• [TASK STATEMENT] Restate every line of the data word for word, except for the images.

═════ DATA IN THIS EXERCISE

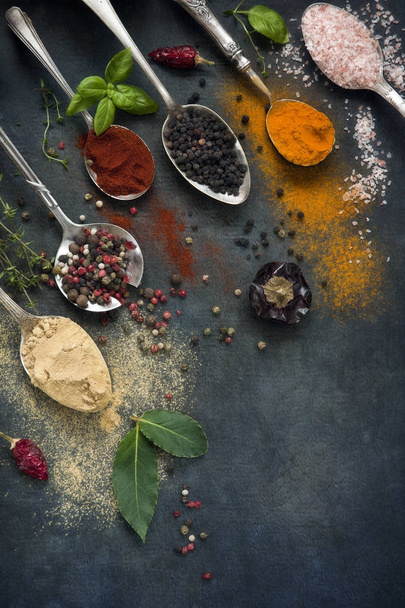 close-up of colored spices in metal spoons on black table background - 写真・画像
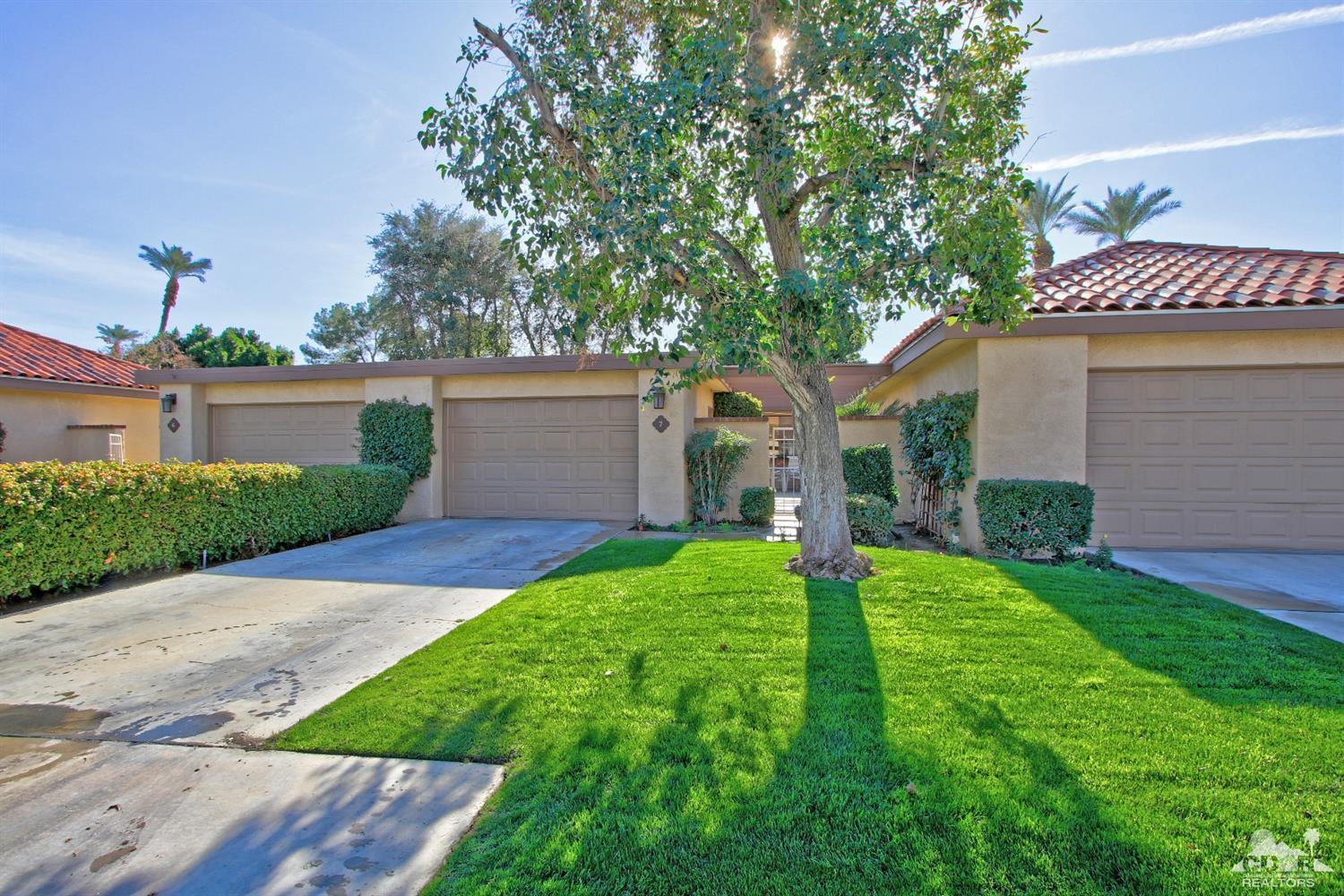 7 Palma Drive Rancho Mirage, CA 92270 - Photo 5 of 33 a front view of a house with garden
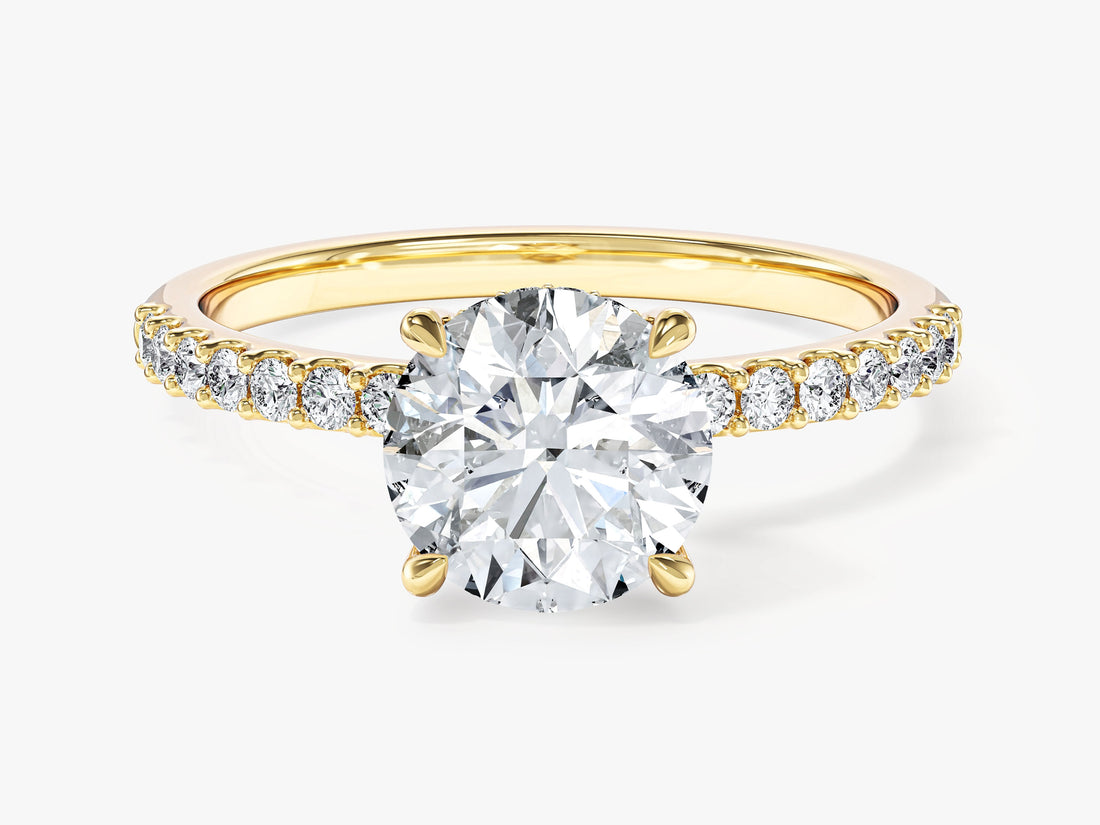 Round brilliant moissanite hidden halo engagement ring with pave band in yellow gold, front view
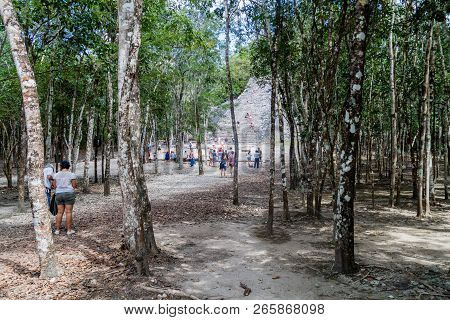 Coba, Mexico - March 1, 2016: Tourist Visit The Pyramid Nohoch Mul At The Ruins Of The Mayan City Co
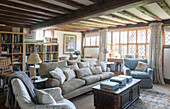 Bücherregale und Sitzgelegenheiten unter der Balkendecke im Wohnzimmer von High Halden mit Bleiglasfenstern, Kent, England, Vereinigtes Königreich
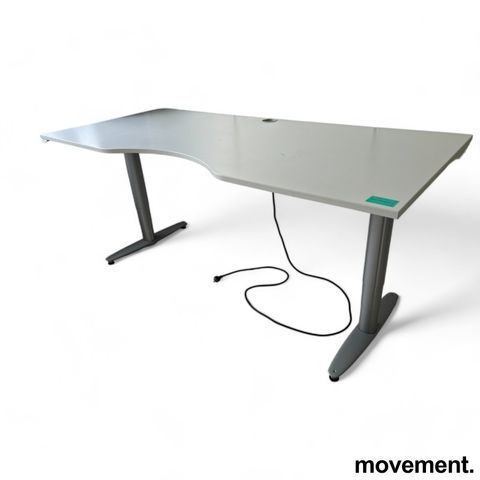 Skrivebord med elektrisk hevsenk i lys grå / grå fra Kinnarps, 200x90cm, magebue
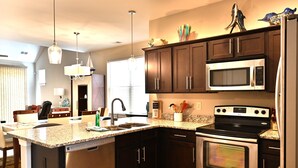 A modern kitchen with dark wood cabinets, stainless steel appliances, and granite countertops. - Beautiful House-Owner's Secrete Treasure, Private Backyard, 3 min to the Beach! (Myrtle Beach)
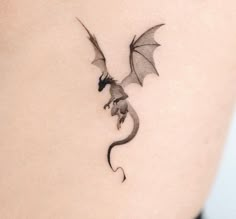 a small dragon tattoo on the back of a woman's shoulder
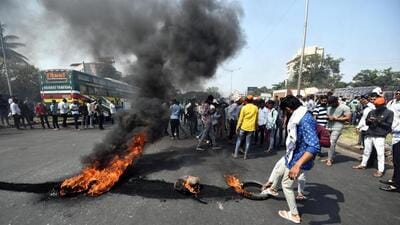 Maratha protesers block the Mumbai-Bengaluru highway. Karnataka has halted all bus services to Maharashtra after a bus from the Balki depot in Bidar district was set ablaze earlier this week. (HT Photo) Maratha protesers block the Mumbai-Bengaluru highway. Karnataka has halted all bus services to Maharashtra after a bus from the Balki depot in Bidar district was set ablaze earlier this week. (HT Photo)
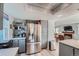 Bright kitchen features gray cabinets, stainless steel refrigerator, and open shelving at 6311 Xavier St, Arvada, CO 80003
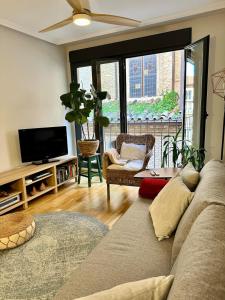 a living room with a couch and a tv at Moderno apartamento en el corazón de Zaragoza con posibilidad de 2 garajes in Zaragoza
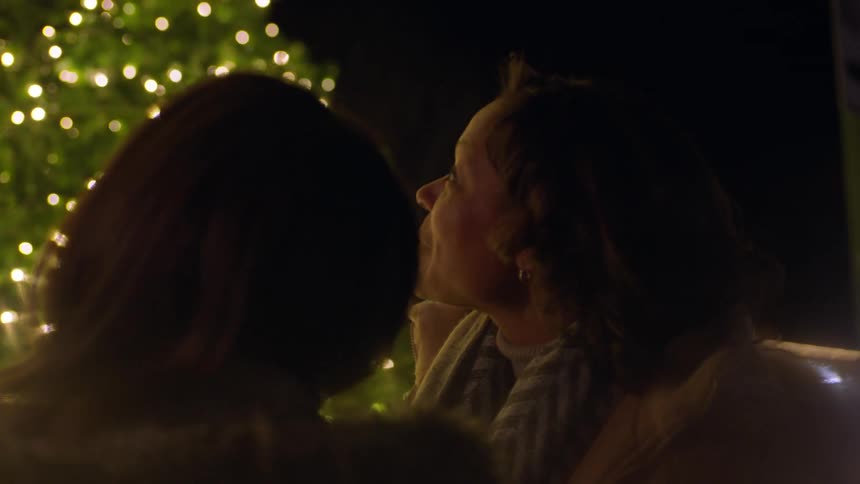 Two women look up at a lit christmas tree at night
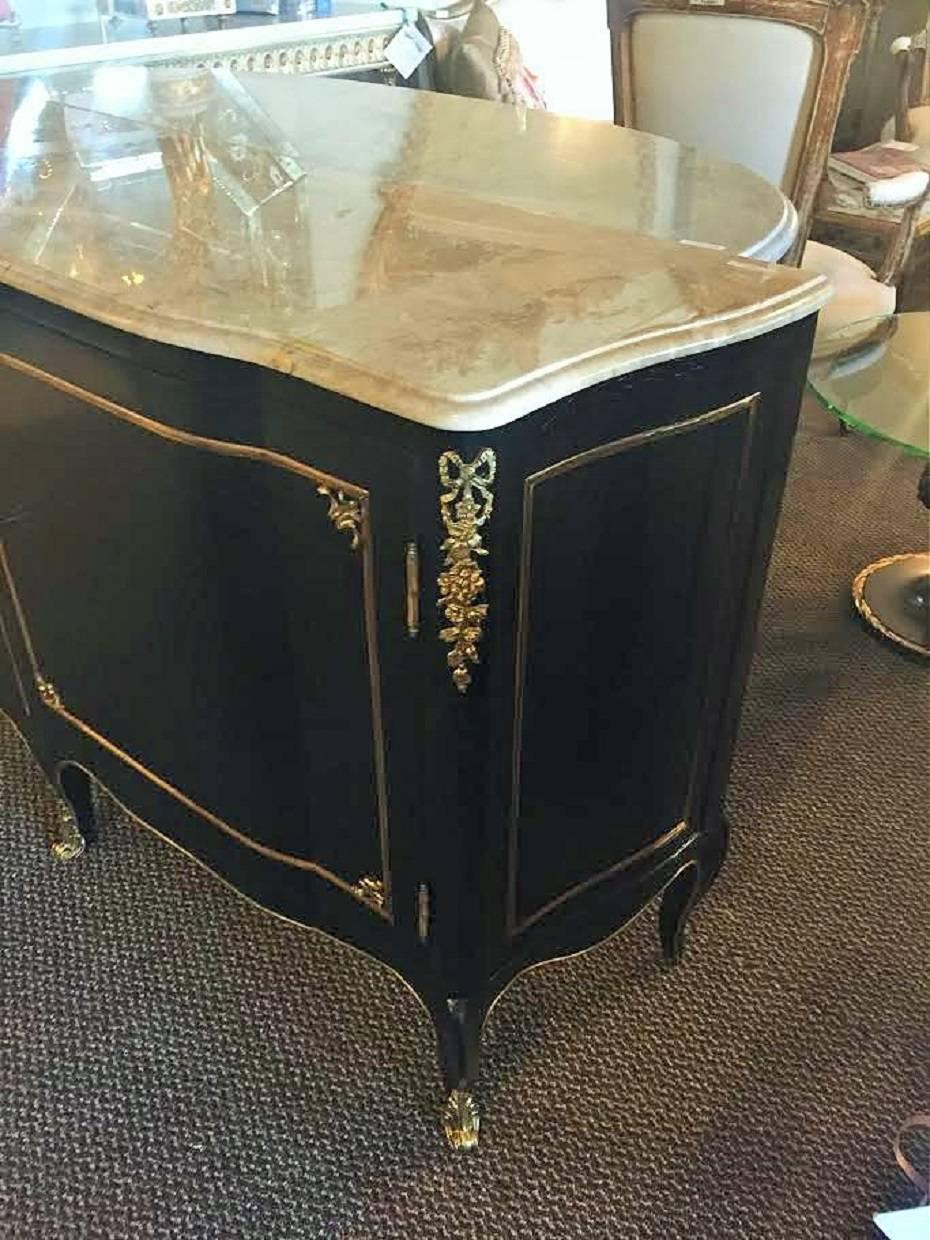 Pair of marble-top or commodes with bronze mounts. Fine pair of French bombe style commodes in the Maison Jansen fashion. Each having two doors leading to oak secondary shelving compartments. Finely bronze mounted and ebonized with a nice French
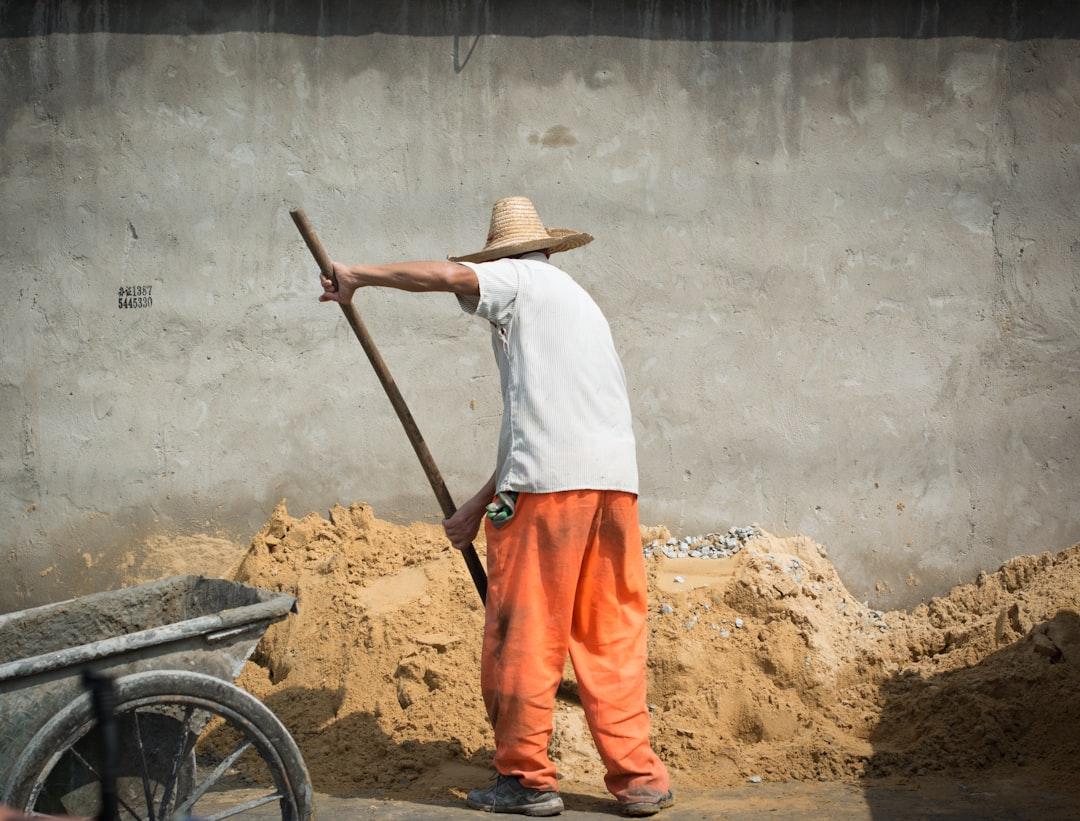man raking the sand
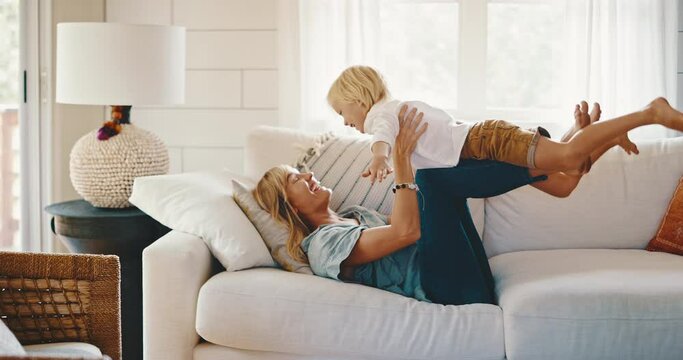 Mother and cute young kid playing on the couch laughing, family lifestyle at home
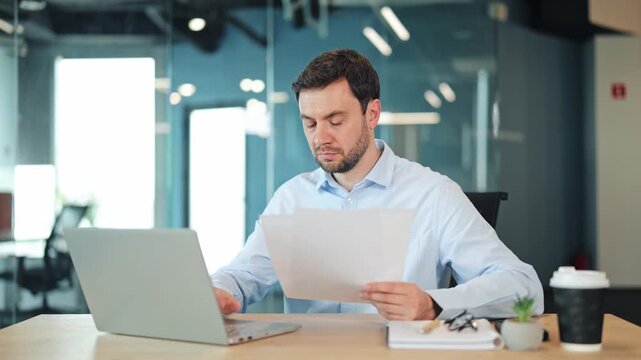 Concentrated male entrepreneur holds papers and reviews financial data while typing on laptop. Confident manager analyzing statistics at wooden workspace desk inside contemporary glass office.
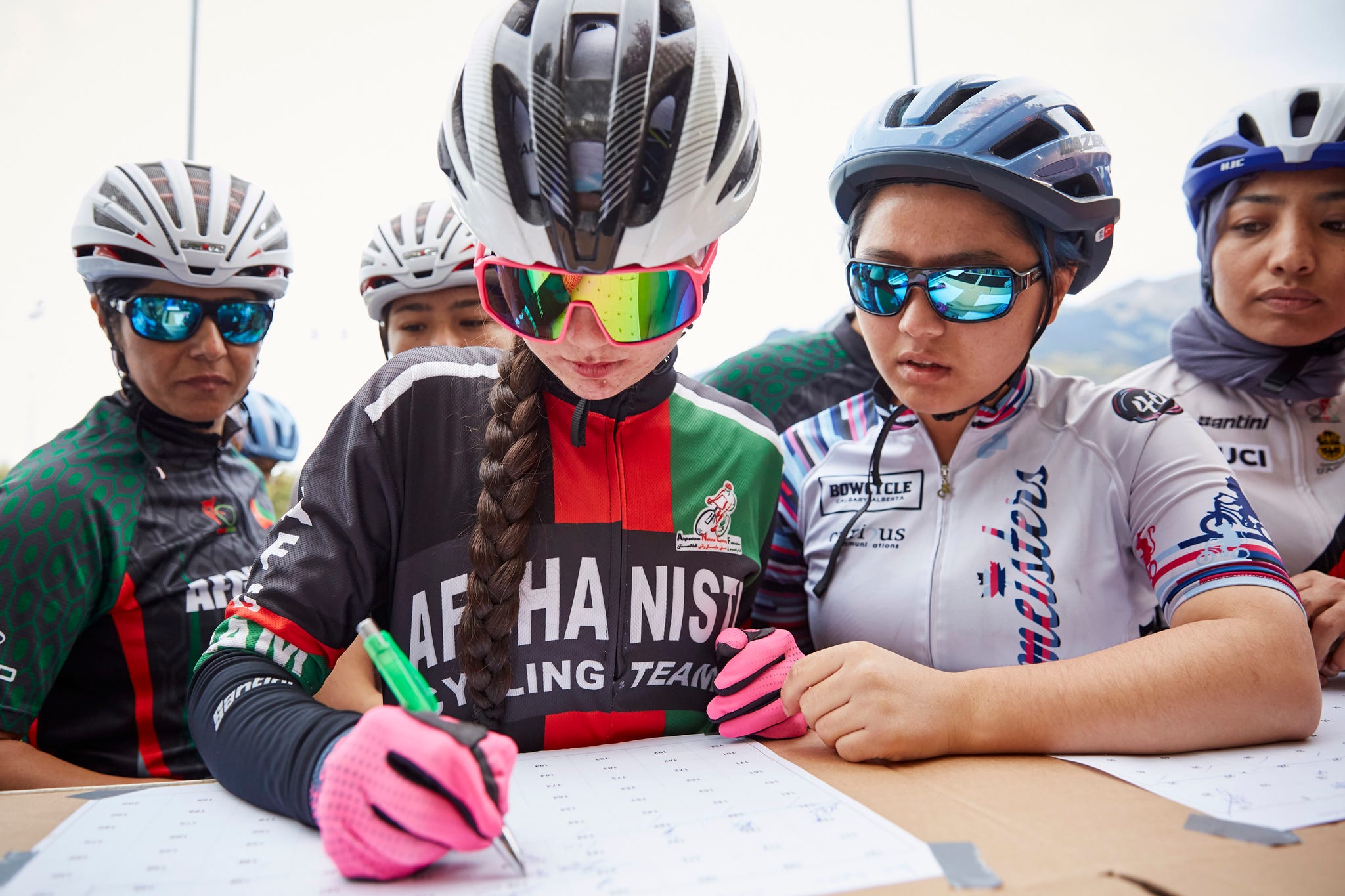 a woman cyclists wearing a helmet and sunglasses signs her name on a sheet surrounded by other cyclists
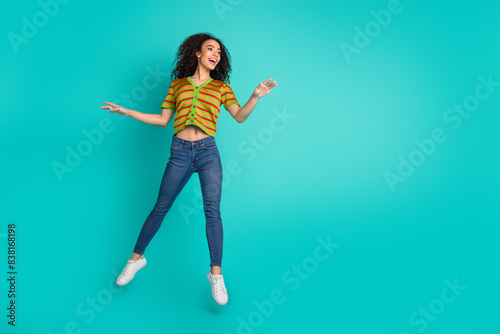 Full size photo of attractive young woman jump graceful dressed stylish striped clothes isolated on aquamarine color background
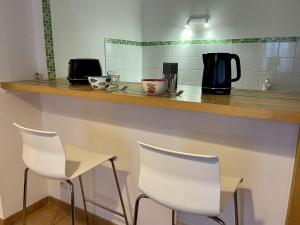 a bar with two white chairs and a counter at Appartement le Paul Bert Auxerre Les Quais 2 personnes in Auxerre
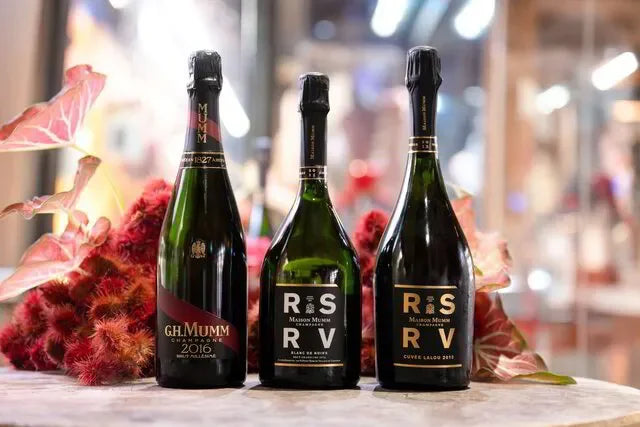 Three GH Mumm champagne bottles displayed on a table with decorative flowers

══════════

• [SOLUTION TO THE EXERCISE]
 close-up of colored spices in metal spoons on black table background - 写真・画像
 7 Palma Drive Rancho Mirage, CA 92270 - Photo 5 of 33 a front view of a house with garden
 Round brilliant moissanite hidden halo engagement ring with pave band in yellow gold, front view
 Coba, Mexico - March 1, 2016: Tourist Visit The Pyramid Nohoch Mul At The Ruins Of The Mayan City Co
 Bücherregale und Sitzgelegenheiten unter der Balkendecke im Wohnzimmer von High Halden mit Bleiglasfenstern, Kent, England, Vereinigtes Königreich
 Skrivebord med elektrisk hevsenk i lys grå / grå fra Kinnarps, 200x90cm, magebue
 A modern kitchen with dark wood cabinets, stainless steel appliances, and granite countertops. - Beautiful House-Owner's Secrete Treasure, Private Backyard, 3 min to the Beach! (Myrtle Beach)
 a small dragon tattoo on the back of a woman's shoulder
 Maratha protesers block the Mumbai-Bengaluru highway. Karnataka has halted all bus services to Maharashtra after a bus from the Balki depot in Bidar district was set ablaze earlier this week. (HT Photo) Maratha protesers block the Mumbai-Bengaluru highway. Karnataka has halted all bus services to Maharashtra after a bus from the Balki depot in Bidar district was set ablaze earlier this week. (HT Photo)
 Bright kitchen features gray cabinets, stainless steel refrigerator, and open shelving at 6311 Xavier St, Arvada, CO 80003
 a living room with a couch and a tv at Moderno apartamento en el corazón de Zaragoza con posibilidad de 2 garajes in Zaragoza
 Two women look up at a lit christmas tree at night
 Pair of marble-top or commodes with bronze mounts. Fine pair of French bombe style commodes in the Maison Jansen fashion. Each having two doors leading to oak secondary shelving compartments. Finely bronze mounted and ebonized with a nice French
man raking the sand
 Mother and cute young kid playing on the couch laughing, family lifestyle at home
 Concentrated male entrepreneur holds papers and reviews financial data while typing on laptop. Confident manager analyzing statistics at wooden workspace desk inside contemporary glass office.
 a woman cyclists wearing a helmet and sunglasses signs her name on a sheet surrounded by other cyclists
 Full size photo of attractive young woman jump graceful dressed stylish striped clothes isolated on aquamarine color background
 a bar with two white chairs and a counter at Appartement le Paul Bert Auxerre Les Quais 2 personnes in Auxerre
 Three GH Mumm champagne bottles displayed on a table with decorative flowers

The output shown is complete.